Understanding is self-consciousness and the realization of its independence from things other than it. It serves consciousness in a way that keeps it both separate from consciousness and the same with it. Thoughts that fill self-consciousness do so at the behest of consciousness, and they are taken to be the truth of all things outside of it. But, self-consciousness can only serve itself. It is the recognition of the self, since consciousness provides the means of self-recognition. However, there is a third element of the self that is a force against self-consciousness. That is the self of self-consciousness; the “questioner and the interrogator” of all things. It defines guilt, happiness, love, hate, and so on. It is the dividing force that separates consciousness from itself and leads it from the universal to the primitive; from everything that is external to the internal and the destructive.
The fear of death is what awakens self-consciousness to the world and holds it in place. It sets up perimeters and boundaries and leads self-consciousness into its otherness. It needs this otherness to have something to retreat from, thus it alienates itself in its belonging to the world. And the world alienates itself from consciousness so that it remains as an ‘over there’ rather than an ‘over here’. It must be an unchangeable world, a self-liberating world, in which self-consciousness finds refuge while simultaneously remaining separate from it.
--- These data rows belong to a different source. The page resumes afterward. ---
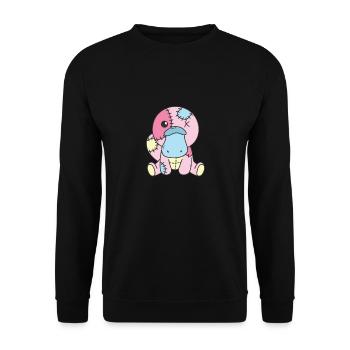 Kawaii Platypus Sloth Pastel Gothic - Unisex Sweatshirt - black - Front - Alina (178cm) & Michal (187cm)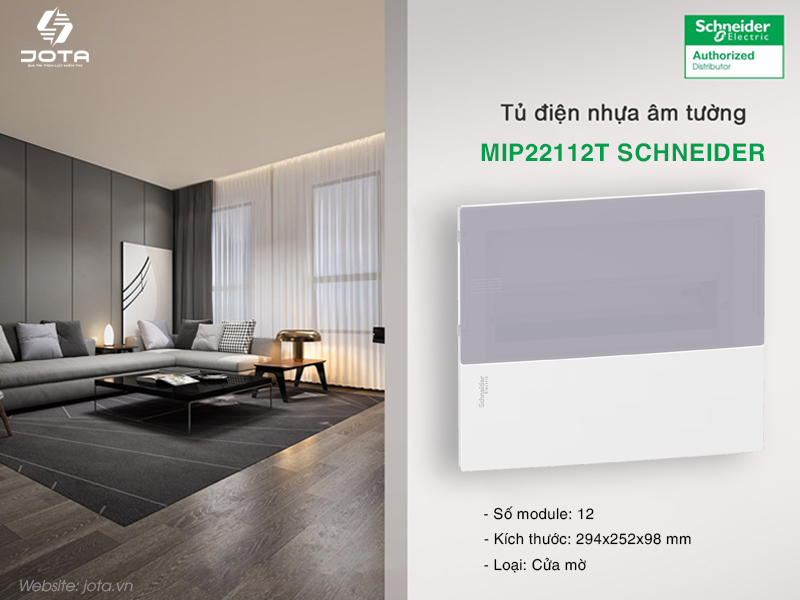 Tủ điện Schneider 12 module MIP22112T, cửa mờ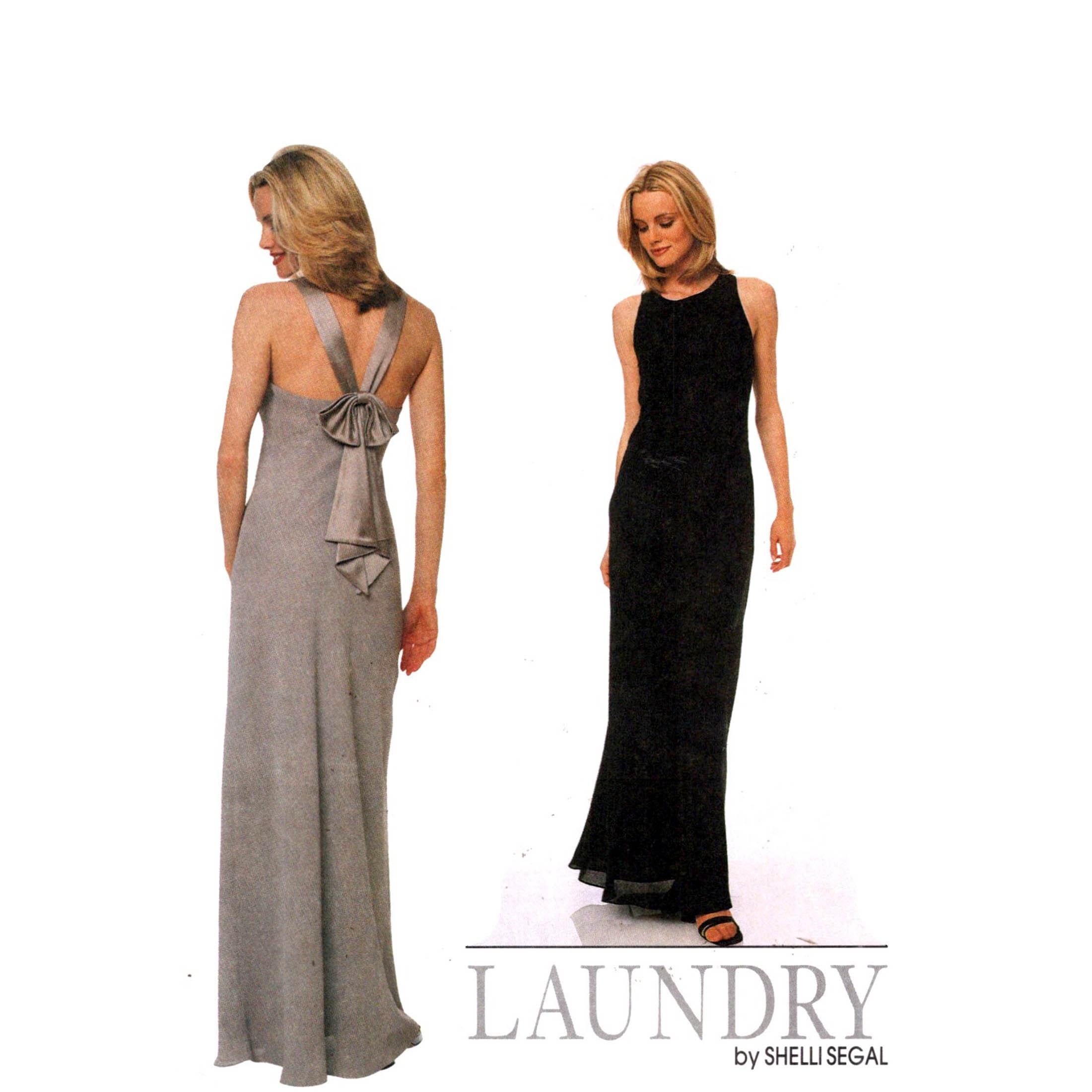 Low Back Gown Pattern uncut 90s Bias Halter Gown MultiSize 10-14 Bust 32.5-36 Shelli Segal  McCalls 9387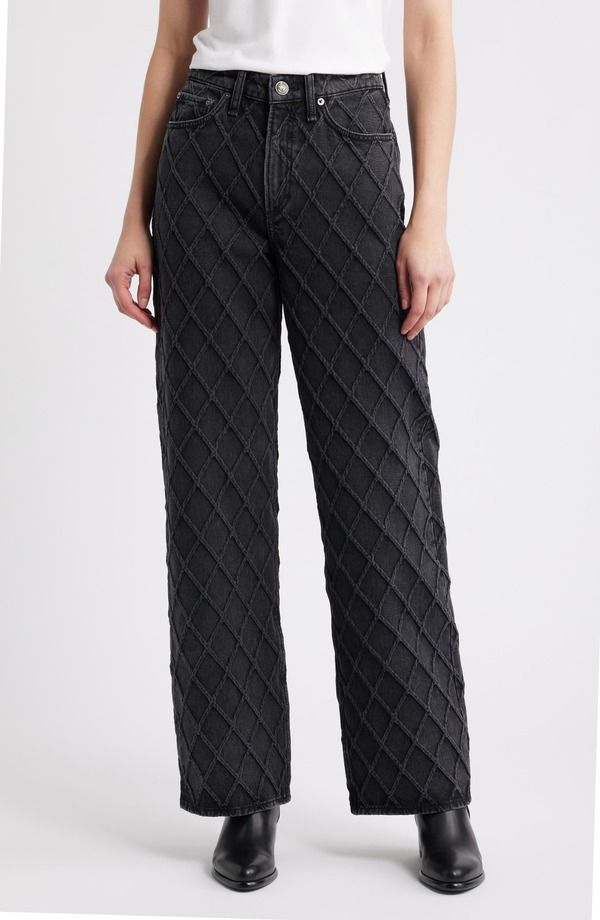 ラグアンドボーン レディース ボトムス デニムパンツ ワイドレッグ ジーンズ rag bone Logan Diamond Texture Mid Rise Wide Leg Jeans Qwblk 44,070円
In its separation it denies its relationship with the world in which death is a part of. In its seeking refuge in the world, self-consciousness finds the otherness that defines itself, which it desires so that it can stay ‘other’ from the world. It duplicates itself. It does so in being both part of, and apart from, all things. Its essence is, thus, never complete and never true to itself. It must always search and find other essences, other objects which have within themselves a truth for consciousness, and an independent form that can be self-identified and overcome. A form which is always ‘there’ and other, while the self is always ‘here’ and belonging to its-self.